В тот вечер алхимия воспоминаний без труда растопила олово в наших глазах, превратив его в звонкое серебро молодости. На следующий день Павлуша переехал ко мне от своего сына. Я была этому очень рада, вот только о своем новом «бизнесе» рассказывать ему опасалась, так что недели две мы с ним жили, совсем как в сериале. Я врала, что преподаю актерское мастерство в детской театральной студии при фабрике газовых плит – по старой школе. Одевалась этой «школе» сообразно, ехала за город, собирала ландыши, потом на скамейке у вокзала вязала букетики и спешила к магазину. Домой возвращалась усталая, но с подарками и вкусностями. Павлуша заговаривал о деньгах, я что-то вскользь отвечала о наследстве, оставленном мужем, о том, что не нужно экономить, что нам мало осталось… Павлуша же замыкался в себе, говорил, что не может жить на чужие деньги, смущаясь, протягивал мне свою пенсию – несколько купюр, похожих на медицинские рецепты. А когда в конце второй недели нашей роскошной семейной жизни он заявил, что больше так не может и собирается вернуться к сыну, я расплакалась и рассказала ему правду.

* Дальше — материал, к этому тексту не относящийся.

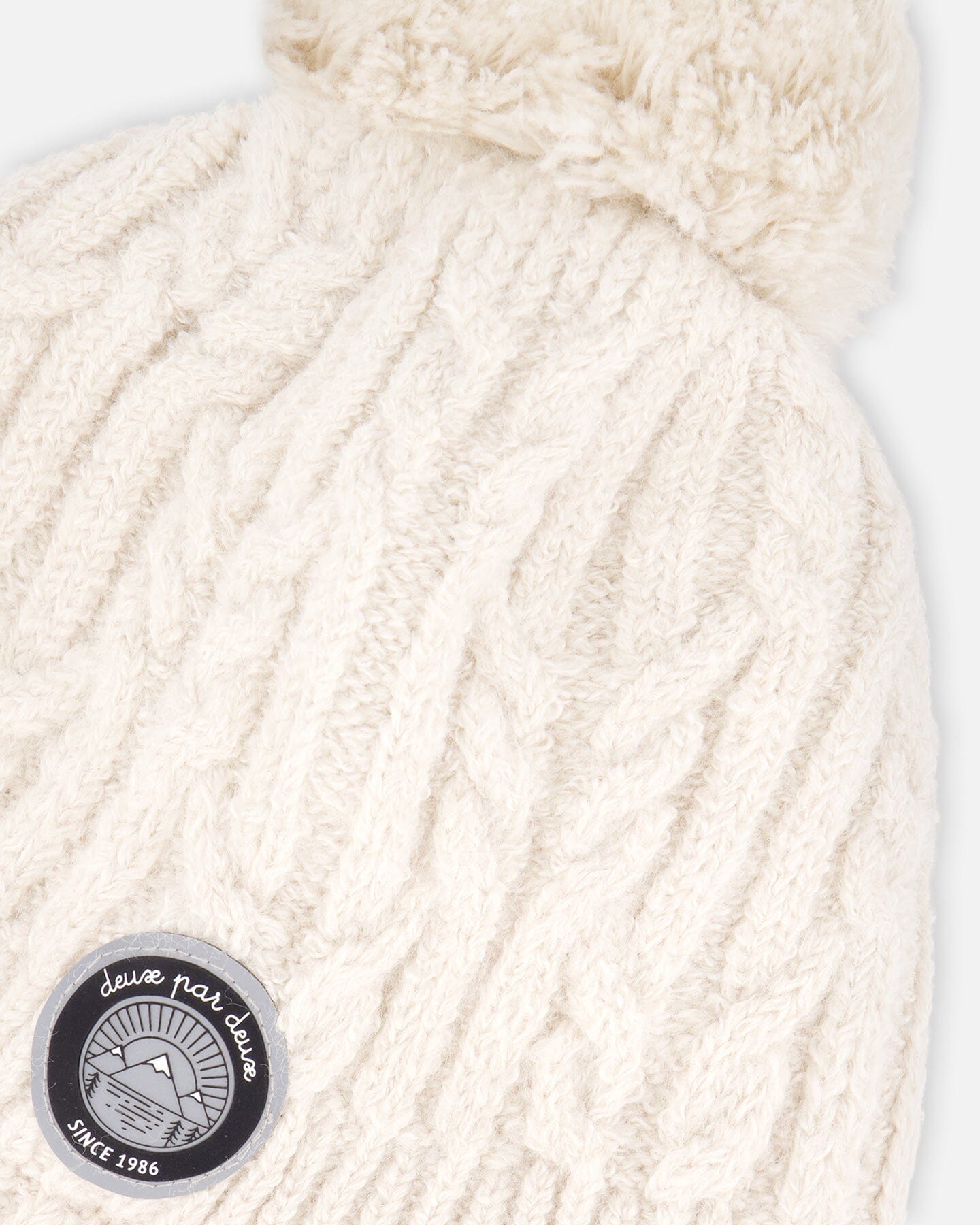 Bonnet d'hiver doublé avec pompon blanc cassé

Сначала он отнесся ко всему этому настороженно. Но на следующий день встал рано и отправился со мной за цветами. В лесу мы почти не разговаривали. Потом так же молча и сосредоточенно составляли букеты и селили их в другую шляпную коробку – из простой фанеры, более глубокую, с ней всегда приходится помучиться. Пока я продавала, Павлуша стоял за колонной и внимательно наблюдал за происходящим. Наверное, это была моя самая ответственная роль. Кажется, она мне удалась, потому что тем же вечером мы снова смеялись неприлично молодым смехом.

С тех пор всю подготовительную работу выполняет он, а я отвечаю за художественную часть. После «смены» Павлуша всегда меня встречает. Домой мы возвращаемся пешком и иногда заходим в кондитерскую выпить чаю с буше.

«Аврора», такая же, как и я, старая маразматичка, которую мальчишки принарядили в разноцветные флажки, всегда приветливо нам ими машет. А в солнечную погоду с голубой стены морского училища даже подмигивает цыганистый император Петр.